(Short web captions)
>>

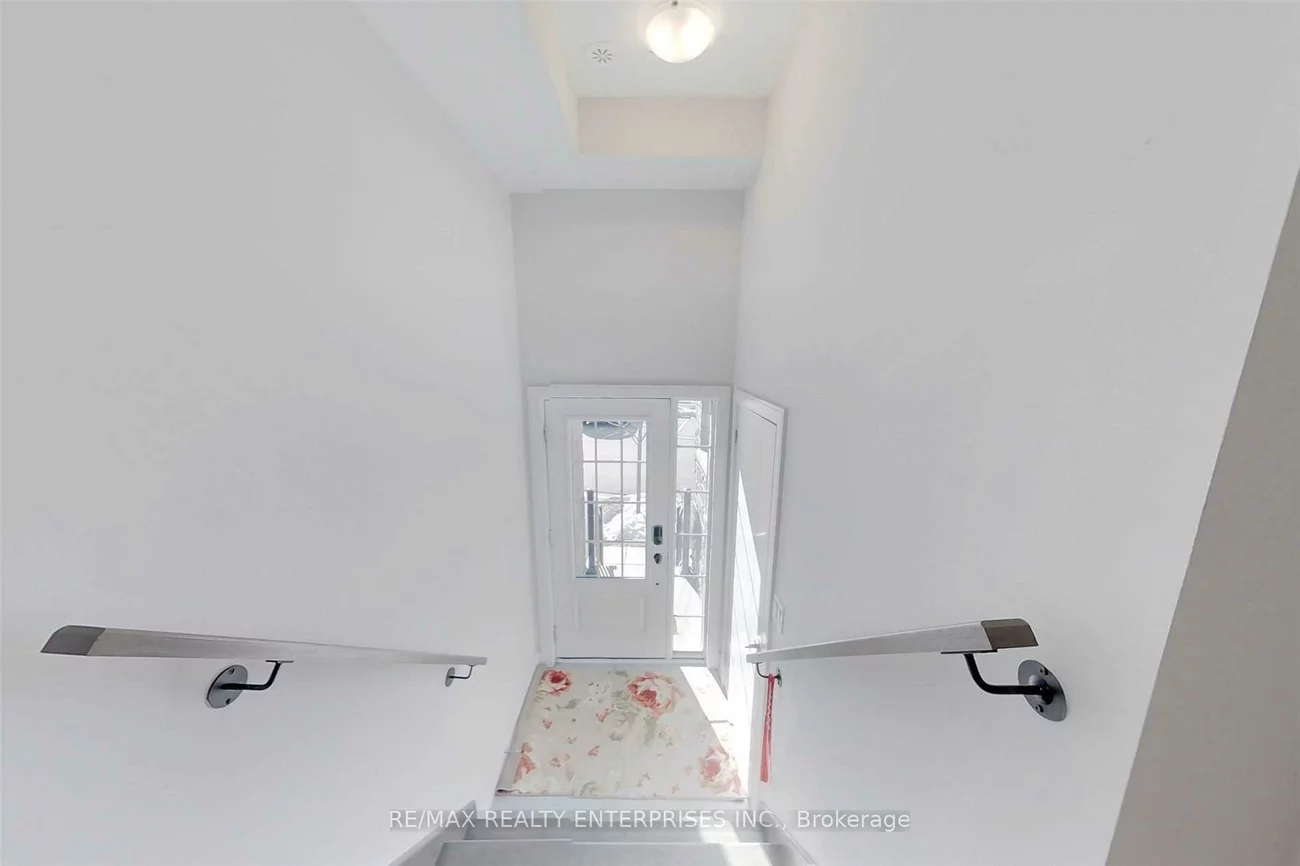 588, Rapids, Lakeview, Mississauga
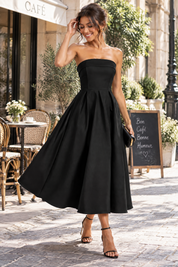 Robe midi patineuse bustier noire | Photo lifestyle | Lounelle Paris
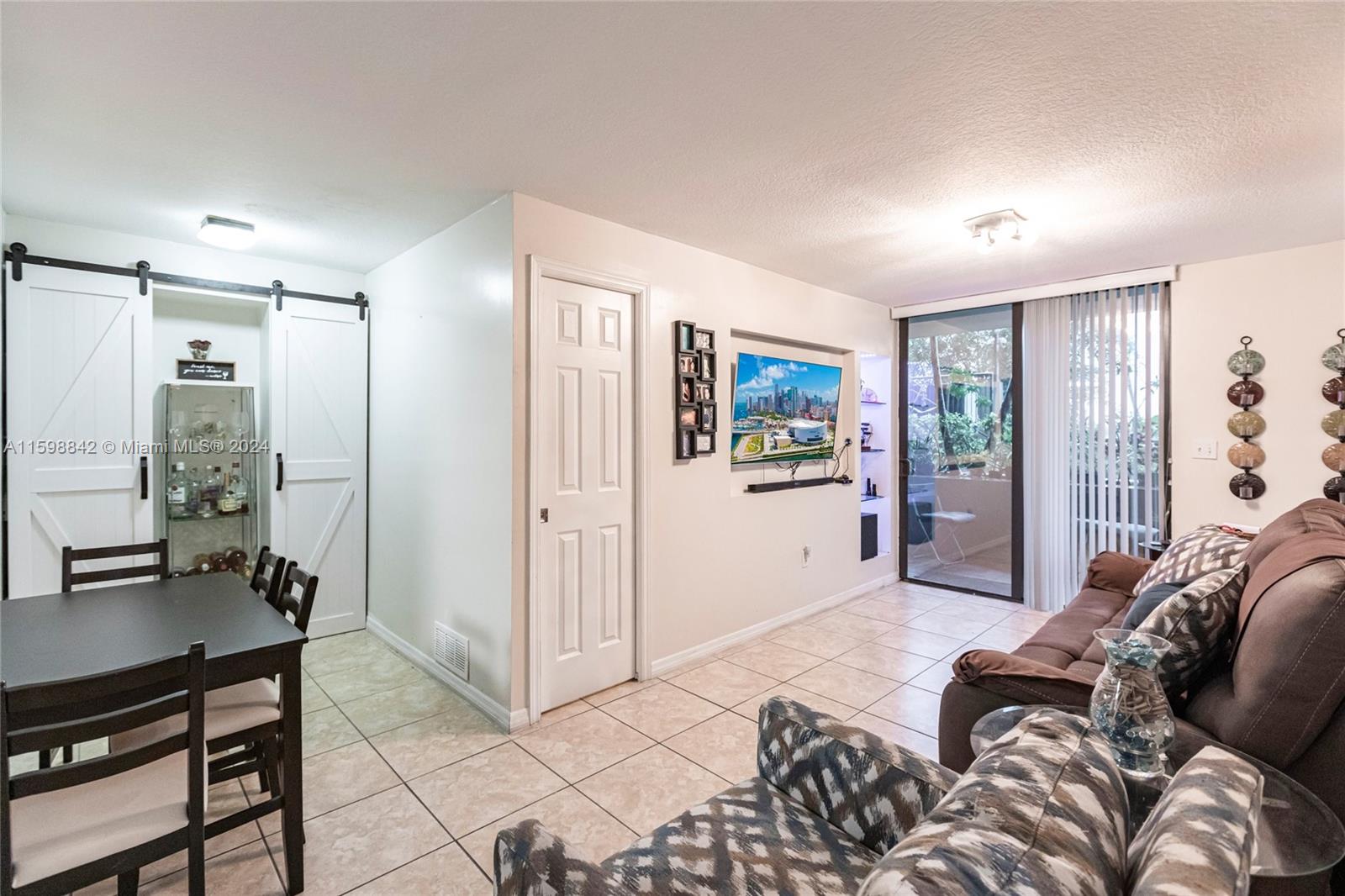 You don't want to miss this opportunity! Beautiful apartment minutes from Coral Gables and Coconut Grove, located on the 3rd floor, with access to the pool and gym. Apartment comes with 2 assigned covered parking spaces conveniently located next to the elevators.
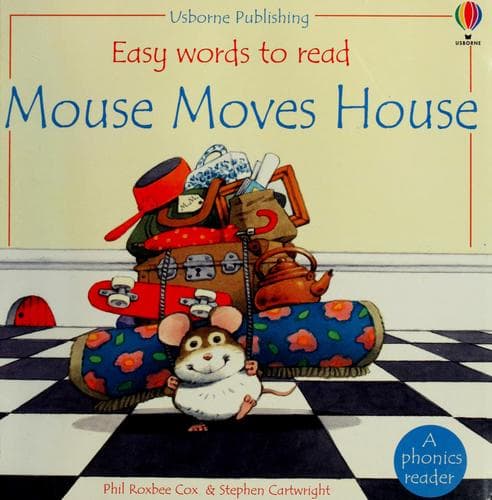 Cover image for Mouse Moves House (Easy Words to Read)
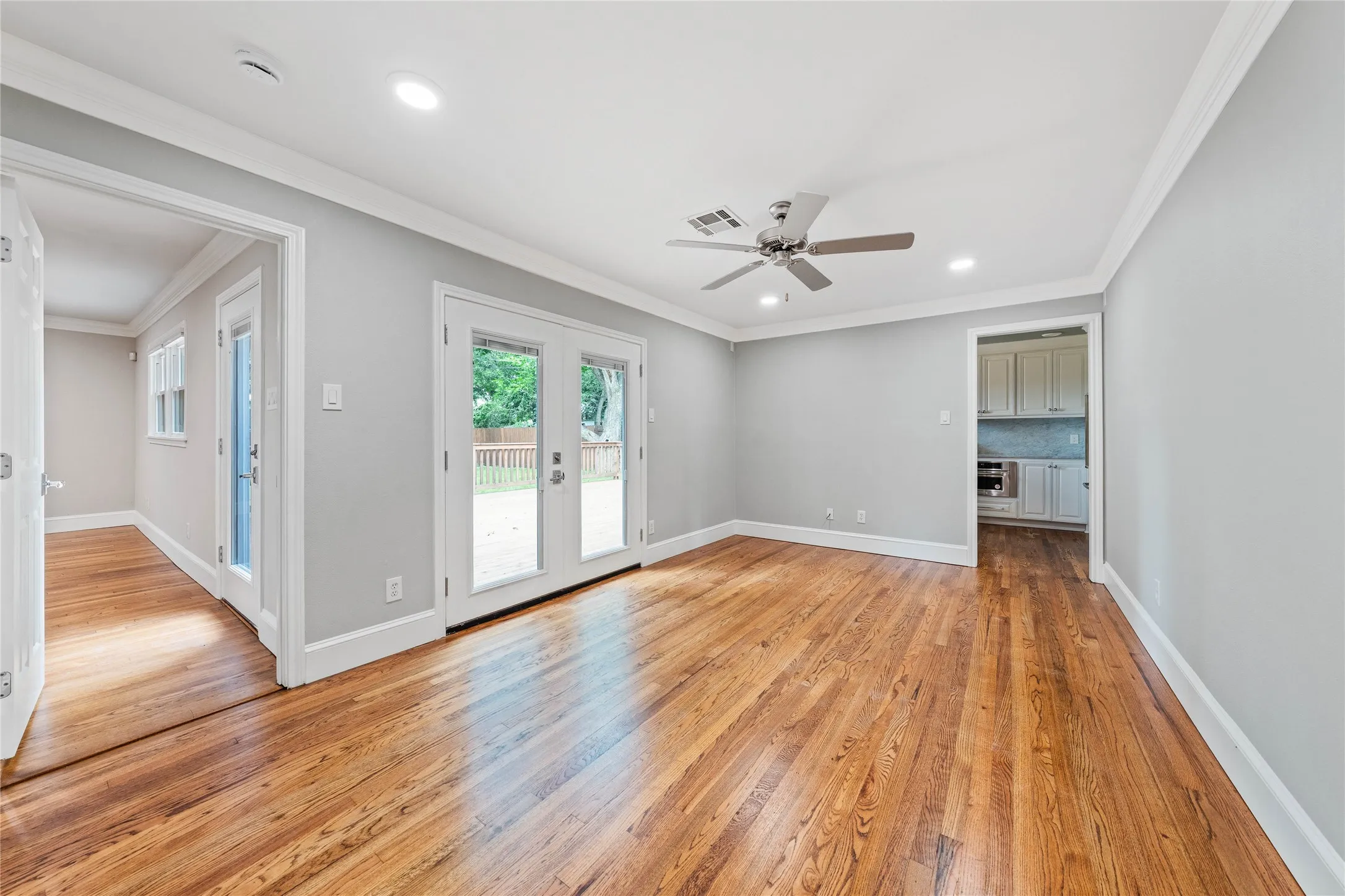 Single Family Residence For Sale in Mc Lennan County , 4104 Austin Avenue, Waco, Texas 76710, 3 Bedroom, 2 Bathroom, 1 Garage spaces, 1,858 Sqft, built in 1950, mls#21327060, Real Estate Agent in Waco, Homes For Sale in Mc Lennan county, Homes For Sale in Waco, Realtor in Waco Texas, Real Estate Brokerage Independent Realty Texas, Luminita Cordes Realtor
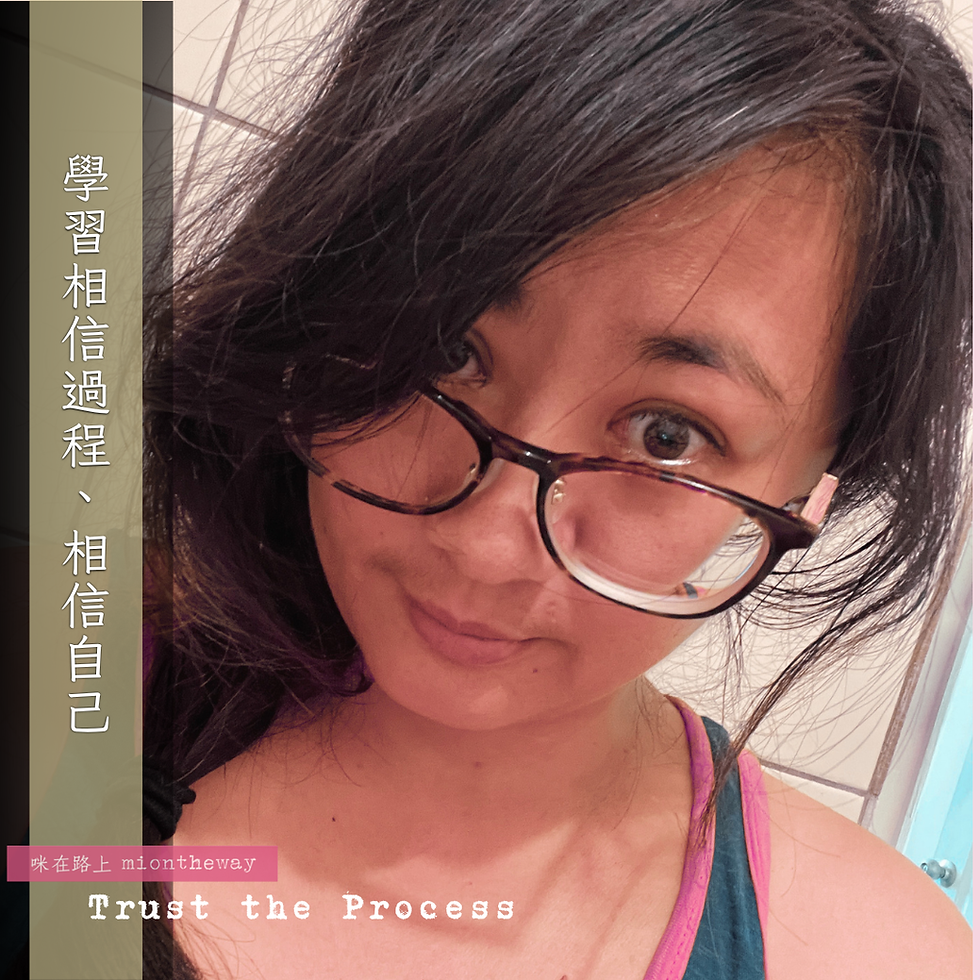 亂亂的頭髮、歪歪的眼鏡,微微帶笑的女孩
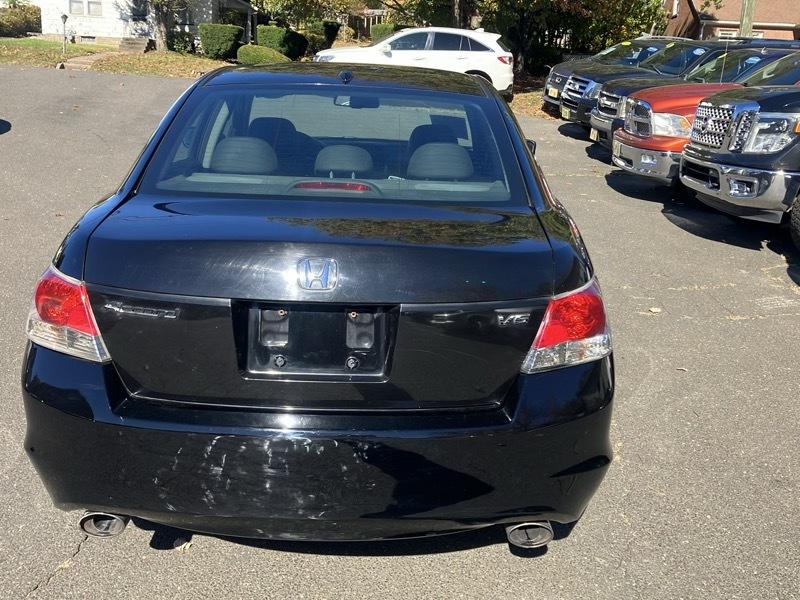 Honda Accord EX-L V-6 Sedan AT 2010
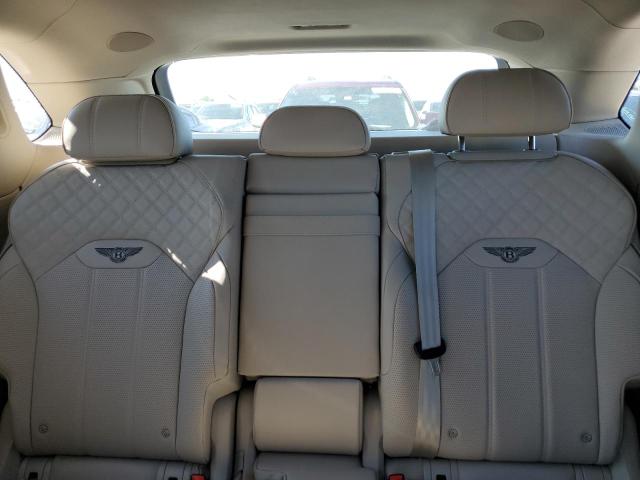 Photo 10 from auction – 2022 BENTLEY BENTAYGA with VIN SJAAM2ZVXNC039916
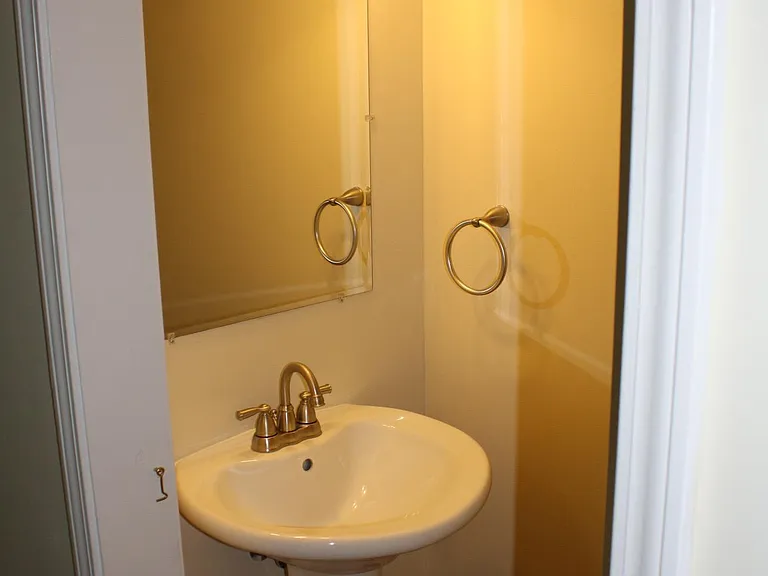 1466 Indianola Ave — Photo 17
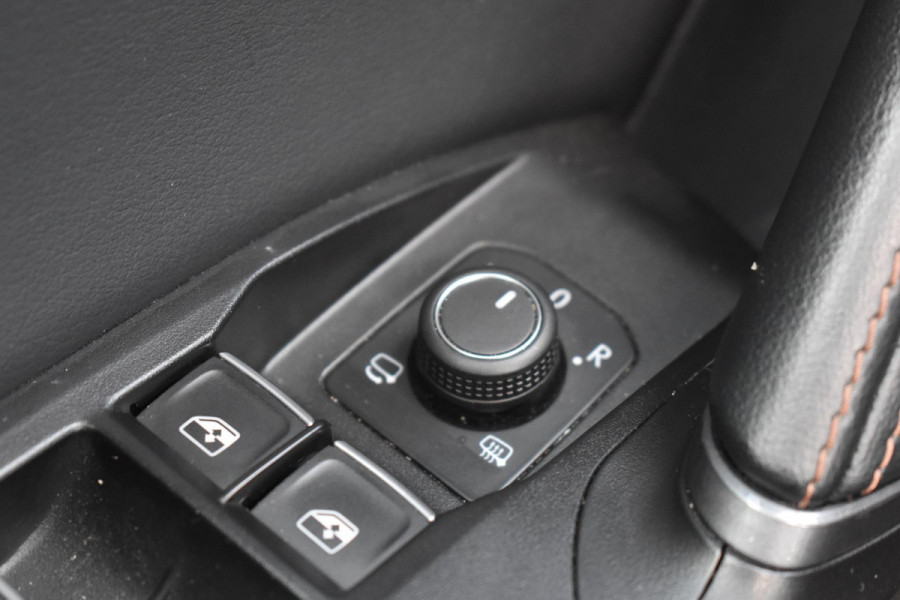 CUPRA Formentor 2.0 TSI 4DRIVE VZ Pano Trekhaak Stuurknop Sfeer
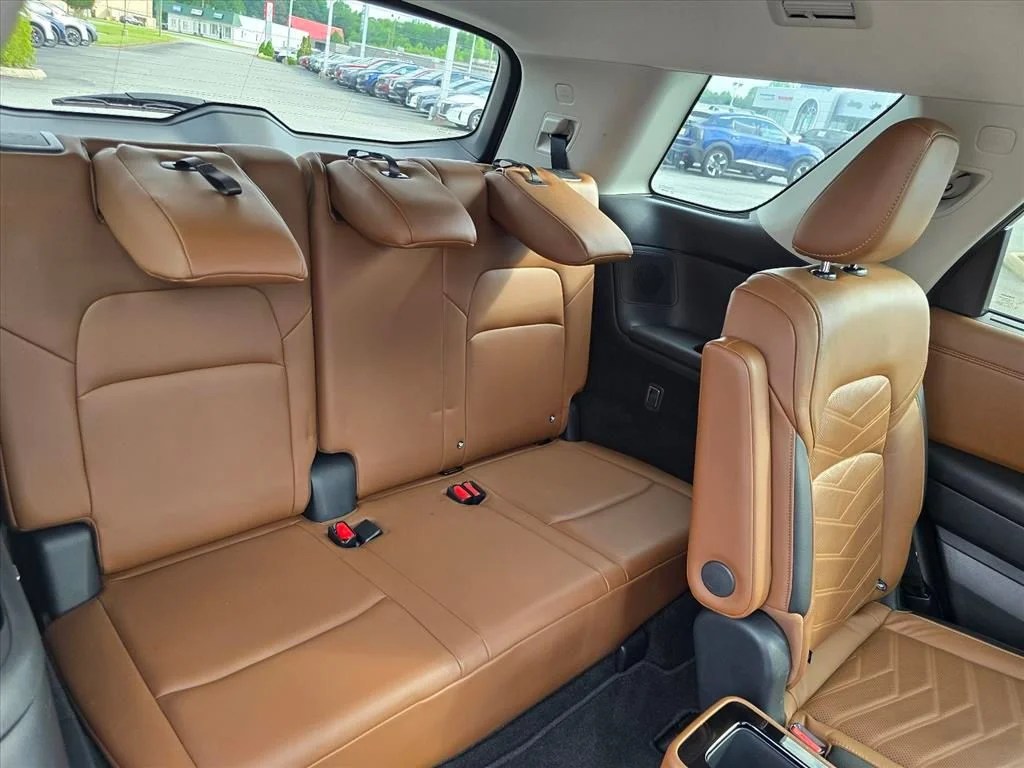 Used 2022 White Nissan Platinum image 15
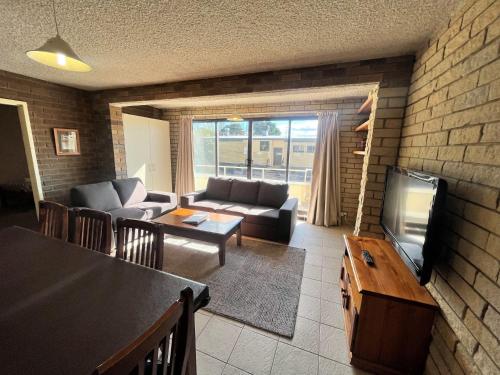 Χώρος καθιστικού στο Central Park 4 - 3BR Ground Floor Apartment l Central Location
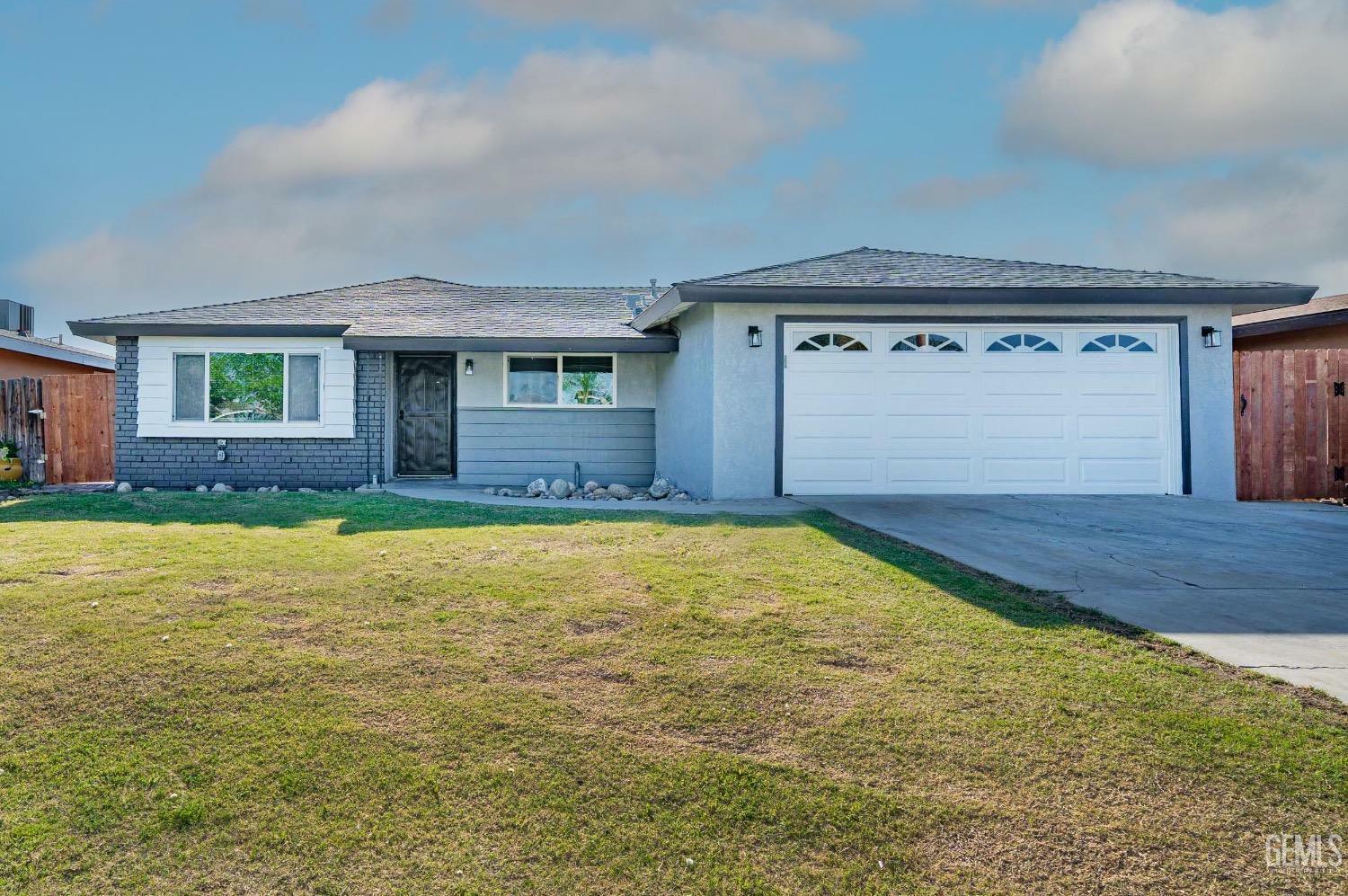 Property Photo: 5909 Ream Way CA 93307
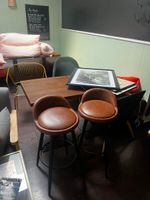 2 TABOURETS de bar l'assise en simili cuir sur piètement mét… (photo 2)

<<

- Exercise prompt: Apart from the pictures, repeat the data above exactly.

- Written response:
 588, Rapids, Lakeview, Mississauga
 Robe midi patineuse bustier noire | Photo lifestyle | Lounelle Paris
 You don't want to miss this opportunity! Beautiful apartment minutes from Coral Gables and Coconut Grove, located on the 3rd floor, with access to the pool and gym. Apartment comes with 2 assigned covered parking spaces conveniently located next to the elevators.
 Cover image for Mouse Moves House (Easy Words to Read)
 Single Family Residence For Sale in Mc Lennan County , 4104 Austin Avenue, Waco, Texas 76710, 3 Bedroom, 2 Bathroom, 1 Garage spaces, 1,858 Sqft, built in 1950, mls#21327060, Real Estate Agent in Waco, Homes For Sale in Mc Lennan county, Homes For Sale in Waco, Realtor in Waco Texas, Real Estate Brokerage Independent Realty Texas, Luminita Cordes Realtor
 亂亂的頭髮、歪歪的眼鏡,微微帶笑的女孩
 Honda Accord EX-L V-6 Sedan AT 2010
 Photo 10 from auction – 2022 BENTLEY BENTAYGA with VIN SJAAM2ZVXNC039916
 1466 Indianola Ave — Photo 17
 CUPRA Formentor 2.0 TSI 4DRIVE VZ Pano Trekhaak Stuurknop Sfeer
 Used 2022 White Nissan Platinum image 15
 Χώρος καθιστικού στο Central Park 4 - 3BR Ground Floor Apartment l Central Location
 Property Photo: 5909 Ream Way CA 93307
 2 TABOURETS de bar l'assise en simili cuir sur piètement mét… (photo 2)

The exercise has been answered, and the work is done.